Provide again, from the entries below, every line from the one containing "Villa With 2" through the one containing "Photo 7 VIN: JN8FY15Y18X562830", exactly as written, and no other line.

- Data shown:
:::::

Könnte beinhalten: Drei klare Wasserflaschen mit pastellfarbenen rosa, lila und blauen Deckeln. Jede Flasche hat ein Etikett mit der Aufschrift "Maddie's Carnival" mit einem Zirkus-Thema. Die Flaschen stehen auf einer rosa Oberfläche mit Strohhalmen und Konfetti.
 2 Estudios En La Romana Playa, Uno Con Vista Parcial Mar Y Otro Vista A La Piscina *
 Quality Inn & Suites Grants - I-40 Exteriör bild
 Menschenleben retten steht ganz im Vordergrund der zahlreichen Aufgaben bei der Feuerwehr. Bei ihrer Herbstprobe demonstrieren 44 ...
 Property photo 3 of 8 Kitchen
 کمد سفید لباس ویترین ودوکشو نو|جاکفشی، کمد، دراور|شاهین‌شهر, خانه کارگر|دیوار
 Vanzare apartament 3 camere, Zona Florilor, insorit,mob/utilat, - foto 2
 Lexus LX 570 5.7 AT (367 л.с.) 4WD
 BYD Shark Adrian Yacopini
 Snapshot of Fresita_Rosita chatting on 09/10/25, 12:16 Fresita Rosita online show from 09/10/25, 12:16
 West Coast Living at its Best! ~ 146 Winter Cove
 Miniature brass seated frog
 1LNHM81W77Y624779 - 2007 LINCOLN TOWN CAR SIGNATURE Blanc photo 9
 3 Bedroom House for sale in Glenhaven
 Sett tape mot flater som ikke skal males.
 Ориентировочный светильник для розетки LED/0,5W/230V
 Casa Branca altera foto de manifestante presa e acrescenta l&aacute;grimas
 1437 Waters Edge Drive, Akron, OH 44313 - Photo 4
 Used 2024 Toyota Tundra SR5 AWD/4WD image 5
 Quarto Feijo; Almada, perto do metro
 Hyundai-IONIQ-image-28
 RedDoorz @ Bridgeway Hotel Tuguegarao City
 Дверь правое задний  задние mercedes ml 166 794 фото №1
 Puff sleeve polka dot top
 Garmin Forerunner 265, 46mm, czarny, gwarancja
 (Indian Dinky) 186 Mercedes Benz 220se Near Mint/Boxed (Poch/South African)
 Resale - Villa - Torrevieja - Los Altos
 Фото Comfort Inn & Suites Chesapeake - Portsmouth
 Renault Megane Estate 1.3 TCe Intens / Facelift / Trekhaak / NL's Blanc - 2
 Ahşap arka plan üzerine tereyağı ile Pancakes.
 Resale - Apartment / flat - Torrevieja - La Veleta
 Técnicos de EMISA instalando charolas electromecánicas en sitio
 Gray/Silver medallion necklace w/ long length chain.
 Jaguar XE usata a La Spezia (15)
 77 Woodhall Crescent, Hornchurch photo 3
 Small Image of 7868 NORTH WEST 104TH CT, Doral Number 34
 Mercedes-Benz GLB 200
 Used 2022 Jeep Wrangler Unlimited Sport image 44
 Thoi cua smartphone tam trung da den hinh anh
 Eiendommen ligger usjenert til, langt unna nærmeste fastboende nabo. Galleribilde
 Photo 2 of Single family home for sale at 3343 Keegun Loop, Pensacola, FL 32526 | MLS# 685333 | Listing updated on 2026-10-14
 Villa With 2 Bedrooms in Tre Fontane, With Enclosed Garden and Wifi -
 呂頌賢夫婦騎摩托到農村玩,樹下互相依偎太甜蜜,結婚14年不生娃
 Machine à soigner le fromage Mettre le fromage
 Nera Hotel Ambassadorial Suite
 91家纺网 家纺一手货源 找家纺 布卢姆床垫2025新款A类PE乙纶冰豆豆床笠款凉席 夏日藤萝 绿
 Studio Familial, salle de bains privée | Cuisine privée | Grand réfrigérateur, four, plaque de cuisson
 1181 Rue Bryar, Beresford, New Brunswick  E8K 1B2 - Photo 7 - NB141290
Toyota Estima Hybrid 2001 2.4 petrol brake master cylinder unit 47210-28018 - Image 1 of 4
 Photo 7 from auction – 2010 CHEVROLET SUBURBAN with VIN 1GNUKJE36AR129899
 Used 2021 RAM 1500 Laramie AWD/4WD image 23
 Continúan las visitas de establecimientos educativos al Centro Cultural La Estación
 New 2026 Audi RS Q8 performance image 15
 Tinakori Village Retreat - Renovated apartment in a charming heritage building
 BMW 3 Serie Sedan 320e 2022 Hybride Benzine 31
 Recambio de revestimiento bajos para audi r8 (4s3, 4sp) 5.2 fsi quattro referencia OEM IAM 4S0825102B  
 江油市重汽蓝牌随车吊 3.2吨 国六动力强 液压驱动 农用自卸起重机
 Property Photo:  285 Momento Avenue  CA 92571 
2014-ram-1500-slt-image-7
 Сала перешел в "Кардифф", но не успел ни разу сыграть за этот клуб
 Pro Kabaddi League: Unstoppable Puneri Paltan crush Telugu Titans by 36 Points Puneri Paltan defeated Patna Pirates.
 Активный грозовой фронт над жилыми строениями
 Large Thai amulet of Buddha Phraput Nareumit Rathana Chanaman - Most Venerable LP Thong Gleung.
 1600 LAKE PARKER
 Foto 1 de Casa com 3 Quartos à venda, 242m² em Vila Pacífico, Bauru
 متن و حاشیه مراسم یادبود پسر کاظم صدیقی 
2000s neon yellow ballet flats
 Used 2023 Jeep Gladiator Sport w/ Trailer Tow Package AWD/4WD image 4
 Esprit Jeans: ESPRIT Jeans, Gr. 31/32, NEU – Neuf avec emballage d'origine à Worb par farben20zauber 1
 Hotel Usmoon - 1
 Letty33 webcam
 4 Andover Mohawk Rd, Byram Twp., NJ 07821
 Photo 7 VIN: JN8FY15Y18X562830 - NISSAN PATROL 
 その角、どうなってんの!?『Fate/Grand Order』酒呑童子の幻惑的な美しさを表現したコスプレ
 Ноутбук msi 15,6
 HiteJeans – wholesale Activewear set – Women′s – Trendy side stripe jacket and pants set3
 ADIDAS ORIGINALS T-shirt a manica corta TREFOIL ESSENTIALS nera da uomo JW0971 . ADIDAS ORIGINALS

:::::

- Output for this exercise:
 Villa With 2 Bedrooms in Tre Fontane, With Enclosed Garden and Wifi -
 呂頌賢夫婦騎摩托到農村玩,樹下互相依偎太甜蜜,結婚14年不生娃
 Machine à soigner le fromage Mettre le fromage
 Nera Hotel Ambassadorial Suite
 91家纺网 家纺一手货源 找家纺 布卢姆床垫2025新款A类PE乙纶冰豆豆床笠款凉席 夏日藤萝 绿
 Studio Familial, salle de bains privée | Cuisine privée | Grand réfrigérateur, four, plaque de cuisson
 1181 Rue Bryar, Beresford, New Brunswick  E8K 1B2 - Photo 7 - NB141290
Toyota Estima Hybrid 2001 2.4 petrol brake master cylinder unit 47210-28018 - Image 1 of 4
 Photo 7 from auction – 2010 CHEVROLET SUBURBAN with VIN 1GNUKJE36AR129899
 Used 2021 RAM 1500 Laramie AWD/4WD image 23
 Continúan las visitas de establecimientos educativos al Centro Cultural La Estación
 New 2026 Audi RS Q8 performance image 15
 Tinakori Village Retreat - Renovated apartment in a charming heritage building
 BMW 3 Serie Sedan 320e 2022 Hybride Benzine 31
 Recambio de revestimiento bajos para audi r8 (4s3, 4sp) 5.2 fsi quattro referencia OEM IAM 4S0825102B  
 江油市重汽蓝牌随车吊 3.2吨 国六动力强 液压驱动 农用自卸起重机
 Property Photo:  285 Momento Avenue  CA 92571 
2014-ram-1500-slt-image-7
 Сала перешел в "Кардифф", но не успел ни разу сыграть за этот клуб
 Pro Kabaddi League: Unstoppable Puneri Paltan crush Telugu Titans by 36 Points Puneri Paltan defeated Patna Pirates.
 Активный грозовой фронт над жилыми строениями
 Large Thai amulet of Buddha Phraput Nareumit Rathana Chanaman - Most Venerable LP Thong Gleung.
 1600 LAKE PARKER
 Foto 1 de Casa com 3 Quartos à venda, 242m² em Vila Pacífico, Bauru
 متن و حاشیه مراسم یادبود پسر کاظم صدیقی 
2000s neon yellow ballet flats
 Used 2023 Jeep Gladiator Sport w/ Trailer Tow Package AWD/4WD image 4
 Esprit Jeans: ESPRIT Jeans, Gr. 31/32, NEU – Neuf avec emballage d'origine à Worb par farben20zauber 1
 Hotel Usmoon - 1
 Letty33 webcam
 4 Andover Mohawk Rd, Byram Twp., NJ 07821
 Photo 7 VIN: JN8FY15Y18X562830 - NISSAN PATROL 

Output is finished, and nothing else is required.